## What is required:
Retype the entries below without any change.

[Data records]
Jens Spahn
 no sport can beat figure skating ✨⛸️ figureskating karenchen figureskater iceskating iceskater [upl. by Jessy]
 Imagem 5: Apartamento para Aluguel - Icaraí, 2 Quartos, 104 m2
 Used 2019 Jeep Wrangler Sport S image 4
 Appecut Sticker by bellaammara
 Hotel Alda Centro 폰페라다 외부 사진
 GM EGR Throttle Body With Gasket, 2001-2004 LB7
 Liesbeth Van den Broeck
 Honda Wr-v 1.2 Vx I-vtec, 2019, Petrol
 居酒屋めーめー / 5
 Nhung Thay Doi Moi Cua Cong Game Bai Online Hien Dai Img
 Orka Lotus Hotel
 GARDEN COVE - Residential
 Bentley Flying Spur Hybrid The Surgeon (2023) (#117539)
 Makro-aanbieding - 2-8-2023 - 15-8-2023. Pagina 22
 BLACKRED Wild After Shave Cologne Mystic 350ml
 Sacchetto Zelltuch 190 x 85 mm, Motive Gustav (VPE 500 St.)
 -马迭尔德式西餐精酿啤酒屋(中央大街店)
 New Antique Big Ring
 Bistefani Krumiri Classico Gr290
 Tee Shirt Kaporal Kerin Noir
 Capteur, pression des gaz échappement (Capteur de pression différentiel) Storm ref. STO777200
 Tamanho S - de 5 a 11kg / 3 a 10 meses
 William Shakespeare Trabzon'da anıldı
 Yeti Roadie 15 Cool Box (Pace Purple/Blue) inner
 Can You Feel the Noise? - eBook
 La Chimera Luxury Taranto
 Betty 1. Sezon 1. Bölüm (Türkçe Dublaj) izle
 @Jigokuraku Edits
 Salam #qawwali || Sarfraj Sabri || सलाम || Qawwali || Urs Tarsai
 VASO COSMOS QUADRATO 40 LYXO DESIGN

## Solution to the exercise:
Jens Spahn
 no sport can beat figure skating ✨⛸️ figureskating karenchen figureskater iceskating iceskater [upl. by Jessy]
 Imagem 5: Apartamento para Aluguel - Icaraí, 2 Quartos, 104 m2
 Used 2019 Jeep Wrangler Sport S image 4
 Appecut Sticker by bellaammara
 Hotel Alda Centro 폰페라다 외부 사진
 GM EGR Throttle Body With Gasket, 2001-2004 LB7
 Liesbeth Van den Broeck
 Honda Wr-v 1.2 Vx I-vtec, 2019, Petrol
 居酒屋めーめー / 5
 Nhung Thay Doi Moi Cua Cong Game Bai Online Hien Dai Img
 Orka Lotus Hotel
 GARDEN COVE - Residential
 Bentley Flying Spur Hybrid The Surgeon (2023) (#117539)
 Makro-aanbieding - 2-8-2023 - 15-8-2023. Pagina 22
 BLACKRED Wild After Shave Cologne Mystic 350ml
 Sacchetto Zelltuch 190 x 85 mm, Motive Gustav (VPE 500 St.)
 -马迭尔德式西餐精酿啤酒屋(中央大街店)
 New Antique Big Ring
 Bistefani Krumiri Classico Gr290
 Tee Shirt Kaporal Kerin Noir
 Capteur, pression des gaz échappement (Capteur de pression différentiel) Storm ref. STO777200
 Tamanho S - de 5 a 11kg / 3 a 10 meses
 William Shakespeare Trabzon'da anıldı
 Yeti Roadie 15 Cool Box (Pace Purple/Blue) inner
 Can You Feel the Noise? - eBook
 La Chimera Luxury Taranto
 Betty 1. Sezon 1. Bölüm (Türkçe Dublaj) izle
 @Jigokuraku Edits
 Salam #qawwali || Sarfraj Sabri || सलाम || Qawwali || Urs Tarsai
 VASO COSMOS QUADRATO 40 LYXO DESIGN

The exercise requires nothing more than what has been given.